Sementara, berdasarkan hasil sementara pantauan dan informasi BNPB di lapangan, gempa NTT menyebabkan korban jiwa 70 orang, korban luka-luka 1.182 orang, dan 40.040 lainnya mengungsi. Gempa juga menyebabkan kerusakan di sejumlah wilayah, terutama Manggarai Barat, Manggarai, Manggarai Timur, hingga Sikka, Maumere. Kerusakan tersebut bervariasi dari ringan hingga berat.
3. BMKG libatkan tim gabungan untuk survei wilayah terdampak gempa

Tim SAR gabungan evakuasi korban gempa NTT (Dok. Tim SAR) BMKG juga telah menerjunkan tim gabungan dari pusat dan UPT untuk melakukan survei gempa bumi merusak, meliputi survei makroseismik, pengukuran mikrotremor dan MASW. Survei dilakukan untuk mengetahui karakteristik serta respons tanah terhadap guncangan, monitoring gempa susulan, dan verifikasi dampak tsunami di lapangan.
Selain itu, survei ini menyokong proses pemulihan dan rekonstruksi pascabencana sekaligus menjadi dasar pemetaan mikrozonasi pascagempa, evaluasi kondisi wilayah terdampak. Pun dilakukan penyusunan rekomendasi mitigasi dan rekonstruksi yang lebih aman.
Wilayah yang diprioritaskan berdasarkan bencana susulan ini berfokus pada daerah dengan kerusakan sedang hingga berat, serta dibandingkan dengan lokasi yang relatif tidak mengalami kerusakan.

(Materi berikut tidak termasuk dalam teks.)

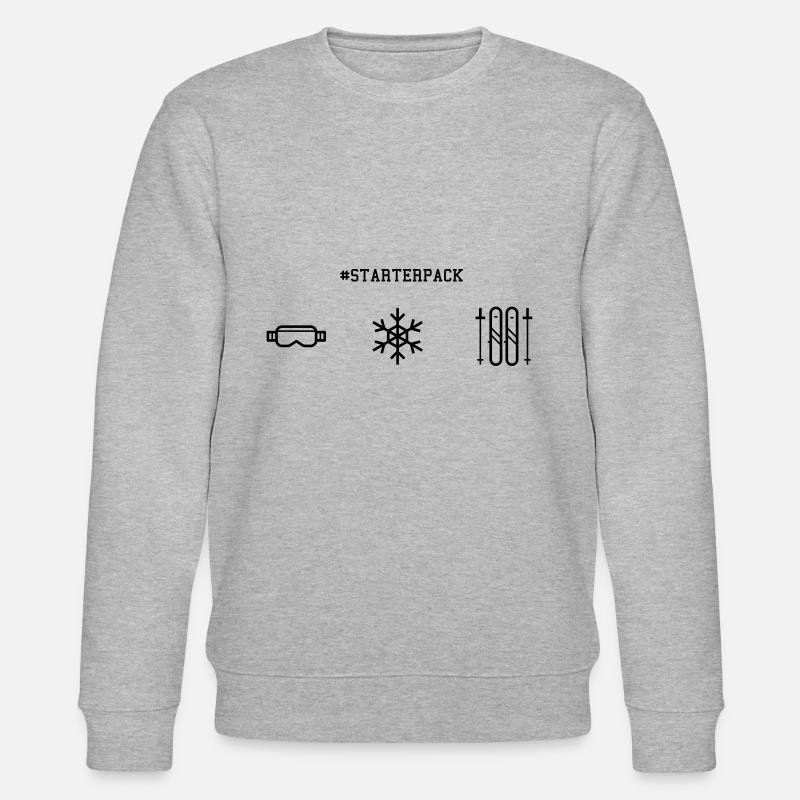 Starterpack Skifahrer - Stanley/Stella Unisex Bio-Sweatshirt CHANGER  - Grau meliert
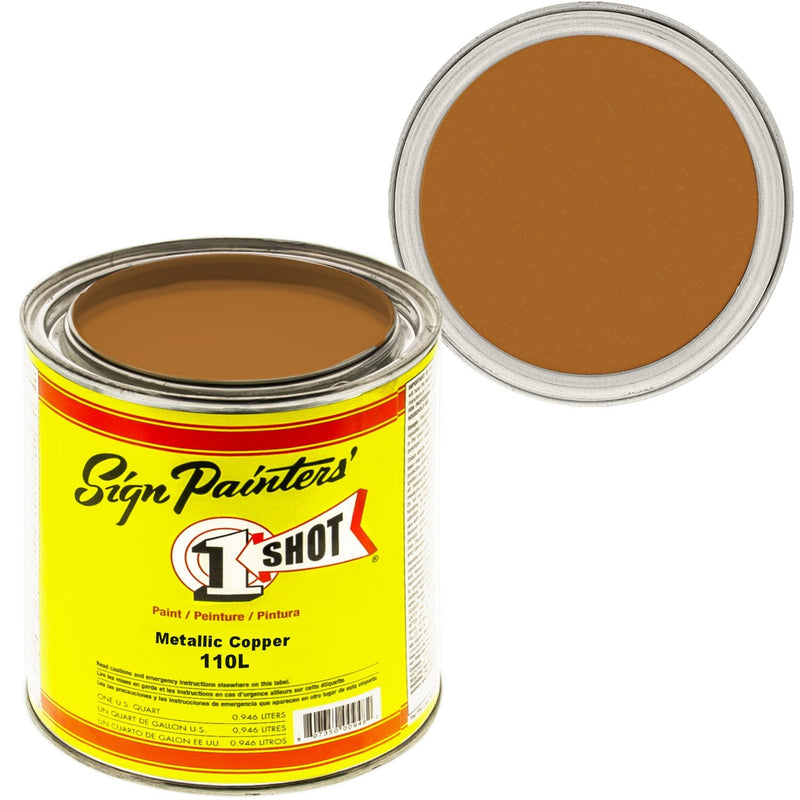 1Shot Lettering Enamel Metallic Copper 110L 4oz - Nevada Fine Arts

BMKG akan terus memantau aktivitas gempa bumi susulan, dan melaporkan informasi terbaru secara berkala kepada stakeholder juga masyarakat.
Masyarakat diimbau memantau informasi resmi BMKG melalui kanal komunikasi resmi yang telah terverifikasi seperti media sosial @infoBMKG, website www.bmkg.go.id atau inatews.bmkg.go.id.